The wetland garden’s origins began at the 1997 Philadelphia Flower show as the Ambler exhibit called “Green Machine,” which demonstrated native plants’ natural ability to cleanse fouled water.This award-winning exhibit was salvaged from the show and was installed on campus by students in 1998 as the newest addition to the Landscape Arboretum of Temple University Ambler. Swales and gutters were constructed to guide stormwater run-off from nearby buildings into the wetland garden.
Five different topographic zones with different moisture levels are represented in the conception of the wetland. Plant varieties were picked by their adaptability to these topographic conditions, for their aesthetic value and for their benefits to local wildlife. For a plant list click here. A solar pergola was used to create the impression of enclosure within the wetland. Photo-voltaic panels frame the pergola and power a pump that circulates fountain water through an aerial aqueduct. Recycled glass, called cullet, is used as exposed paving.
The benefit of this wetland garden can be summarized in ecological, hydrologic, and aesthetic terms. Rose Creek used to take the brunt of the area’s stormwater runoff, which caused erosion on its streambeds and sedimentation. The installation of a wetland garden has downgraded the hazards of flooding. Run-off from surrounding impervious surfaces normally would bombarding the shallow creek beds with insupportable stormwater velocity. This wetland garden collects rainwater from 5 surrounding acres and recharges the local hydrologic system. Native plants in the garden have extensive root systems that absorb more water than traditional sod.
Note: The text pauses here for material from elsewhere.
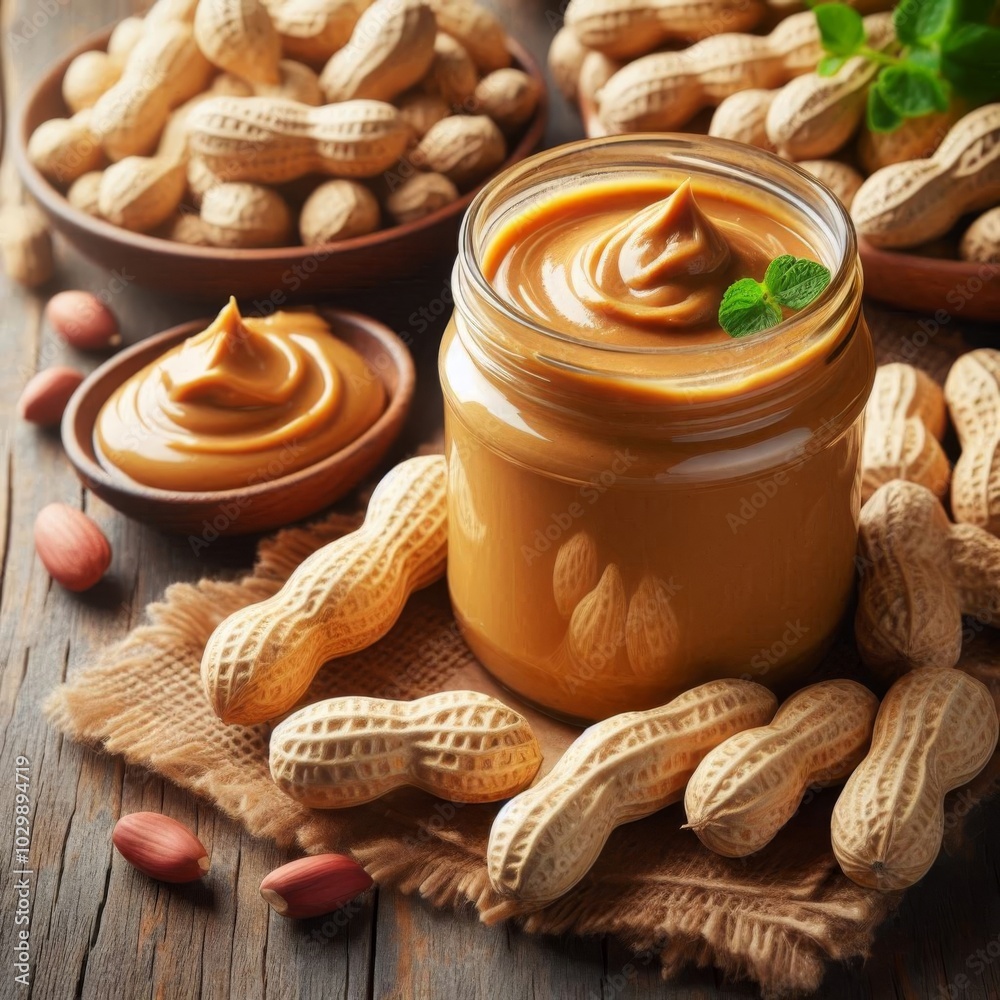 Freshly made peanut butter in a jar alongside whole peanuts on a vintage wooden surface Freshly made peanut butter in a jar alongside whole peanuts on a vintage wooden surface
Water quality is also improved since the plants have the natural ability to filter pollutants before replenishing local water tables.
The site where the wetland garden now stands was previously not more than a mud puddle. More than 300 plant varieties now serve as habitat for animal life and insects, while it provides a beautiful and quiet site of repose for students. Students benefit also from ongoing research on the site, where they study the ability of plants to break down pollutants, plant species survival rates, water quality and erosion amelioration in connection with Rose Creek, and other ecological variables. The wetland garden will be the focus of academic study for years to come.
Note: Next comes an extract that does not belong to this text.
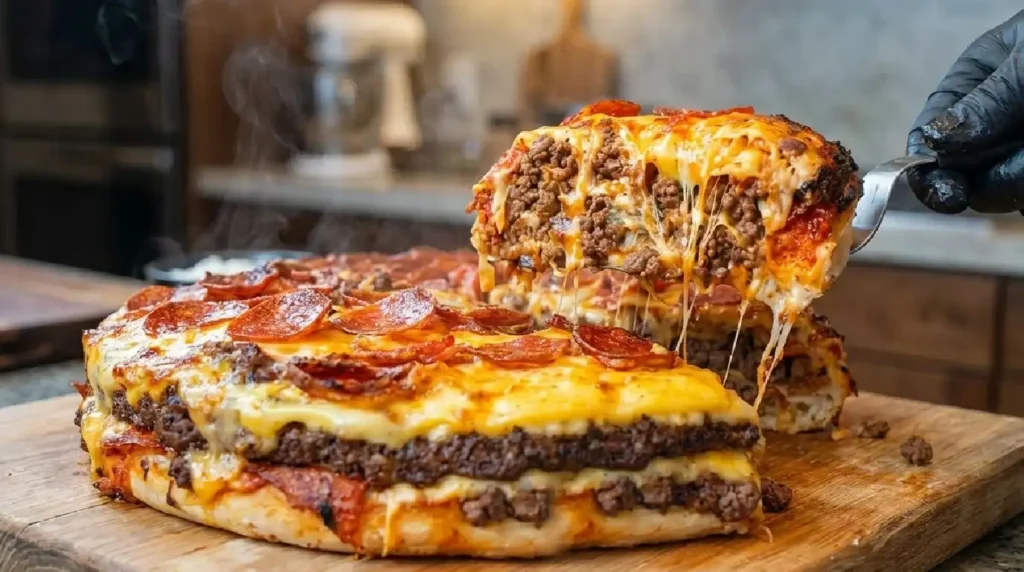 Cheeseburger Pepperoni Pizza Recipe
Watershed: Wissahickon Creek
Temple Ambler is located at 580 Meetinghouse Road in the borough of Ambler, a suburb of Philadelphia. The Ambler campus is home to Temple’s Horticulture, Community and Regional Planning, and Landscape Architecture departments.
The wetland garden is located down a flight of stairs from the plaza between Widener Hall and Cottage Hall. Within the lush verdure emerges a small courtyard where visitors can sit and listen to the sound of the birds and rushing water from a sculpture fountain.
Rose Creek, a tributary to Wissahickon Creek, flows through the landscape of the Ambler Campus.